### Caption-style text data
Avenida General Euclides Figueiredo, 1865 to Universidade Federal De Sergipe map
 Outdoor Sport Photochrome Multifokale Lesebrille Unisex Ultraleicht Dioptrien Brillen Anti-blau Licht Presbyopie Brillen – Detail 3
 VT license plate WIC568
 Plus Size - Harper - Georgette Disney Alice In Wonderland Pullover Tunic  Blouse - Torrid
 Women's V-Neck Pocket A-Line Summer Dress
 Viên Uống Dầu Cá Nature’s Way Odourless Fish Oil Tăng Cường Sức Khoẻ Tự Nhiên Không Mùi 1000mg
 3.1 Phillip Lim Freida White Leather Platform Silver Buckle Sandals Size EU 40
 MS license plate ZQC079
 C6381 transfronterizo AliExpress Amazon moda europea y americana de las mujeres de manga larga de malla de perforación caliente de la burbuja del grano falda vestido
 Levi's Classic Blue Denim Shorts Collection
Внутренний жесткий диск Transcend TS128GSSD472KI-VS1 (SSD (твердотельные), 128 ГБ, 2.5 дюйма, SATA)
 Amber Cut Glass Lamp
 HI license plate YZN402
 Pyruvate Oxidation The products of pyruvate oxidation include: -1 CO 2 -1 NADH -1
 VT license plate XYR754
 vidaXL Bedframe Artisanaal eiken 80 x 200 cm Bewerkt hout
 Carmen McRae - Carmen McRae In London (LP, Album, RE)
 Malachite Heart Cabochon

### Task item
The answer must be all the lines above that hold the word "plate".

### Solution for this task
 VT license plate WIC568
 MS license plate ZQC079
 HI license plate YZN402
 VT license plate XYR754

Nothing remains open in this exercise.